What is needed ▸
Give every line from the entries that contains "venda".

Exercise inputs ▸
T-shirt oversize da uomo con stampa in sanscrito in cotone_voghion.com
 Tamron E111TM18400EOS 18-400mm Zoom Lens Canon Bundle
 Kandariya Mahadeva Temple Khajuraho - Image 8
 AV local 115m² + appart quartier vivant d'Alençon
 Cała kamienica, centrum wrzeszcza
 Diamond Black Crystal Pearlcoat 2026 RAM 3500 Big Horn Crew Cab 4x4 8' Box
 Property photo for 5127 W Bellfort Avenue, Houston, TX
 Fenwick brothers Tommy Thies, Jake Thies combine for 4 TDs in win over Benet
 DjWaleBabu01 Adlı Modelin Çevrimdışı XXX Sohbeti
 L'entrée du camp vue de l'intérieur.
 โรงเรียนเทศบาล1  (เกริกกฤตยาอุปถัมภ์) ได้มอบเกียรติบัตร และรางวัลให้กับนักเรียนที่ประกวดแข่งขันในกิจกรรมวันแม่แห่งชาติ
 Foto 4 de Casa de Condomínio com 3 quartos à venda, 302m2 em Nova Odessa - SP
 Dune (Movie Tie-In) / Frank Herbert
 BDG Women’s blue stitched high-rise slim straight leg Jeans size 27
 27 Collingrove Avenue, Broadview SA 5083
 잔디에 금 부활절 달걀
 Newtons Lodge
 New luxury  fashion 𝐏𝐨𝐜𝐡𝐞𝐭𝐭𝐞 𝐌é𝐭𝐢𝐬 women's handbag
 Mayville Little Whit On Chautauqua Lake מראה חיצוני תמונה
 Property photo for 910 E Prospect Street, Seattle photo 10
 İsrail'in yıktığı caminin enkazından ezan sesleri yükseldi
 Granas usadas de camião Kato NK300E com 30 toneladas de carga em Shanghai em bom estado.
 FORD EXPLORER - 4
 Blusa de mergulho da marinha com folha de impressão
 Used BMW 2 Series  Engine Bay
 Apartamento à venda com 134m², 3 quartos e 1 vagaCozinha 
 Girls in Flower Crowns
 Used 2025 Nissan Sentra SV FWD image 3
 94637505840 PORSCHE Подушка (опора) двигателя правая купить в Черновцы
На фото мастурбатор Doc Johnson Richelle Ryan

Answer space ▸
 Foto 4 de Casa de Condomínio com 3 quartos à venda, 302m2 em Nova Odessa - SP
 Apartamento à venda com 134m², 3 quartos e 1 vagaCozinha 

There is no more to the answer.